One of iOS’s most limiting aspects is its icon-driven interface. iOS’s default interface, the homescreen, it simply a grid of equally sized icons, and while these icons are pretty, they all look pretty much the same. Worse, they are dumb: they can’t do anything cleverer than pin a badge to themselves to convey information.
Compare that to the way Android or Windows Phone handles the homescreen. In Android, you can pin intelligent widgets along with apps to the homescreen; in Windows Phone, the tiles operate not just as app icons, but as smart widgets that can convey to the user changes that are happening within the app, even when it’s not as open.
iOS users have been clammoring for Apple to figure out a way to make the iOS homescreen smarter for quite a long time, and this concept video describes one possible interpretation, which mixes up the iOS homescreen with Android’s widgets and Windows Phone’s Live Tiles.

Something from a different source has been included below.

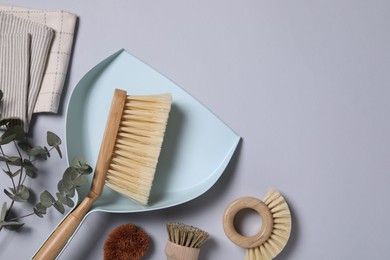 Photo of Cleaning brushes, scoop, towel and eucalyptus leaves on grey background, flat lay. Space for text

The video is by Max Rudberg, who explains:
In this concept, an app icon can be resized from 1×1 to 2×2 or 4×2. The increased size can house widget like functionality and provide easy access to core features of that particular app. For example, you could expand the Settings icon into a widget with a brightness slider, and quick toggles for WiFi, Bluetooth, Personal Hotspot and Do Not Disturb.
It’s a nice concept, but the thing that sticks out to me seeing it all in action is that Apple would never implement widgets like this. It’s just too messy; it introduces the chaos of an OS X desktop to the meticulous geometric order of iOS, in which everything is sandboxes and every single line means something.
Apple will likely eventually cave and introduce widgets in some capacity to iOS, but when they do, I imagine they will do so with a Dashboard-like implementation, in which widgets exist not on the homescreen but within their own little sandbox. What do you think?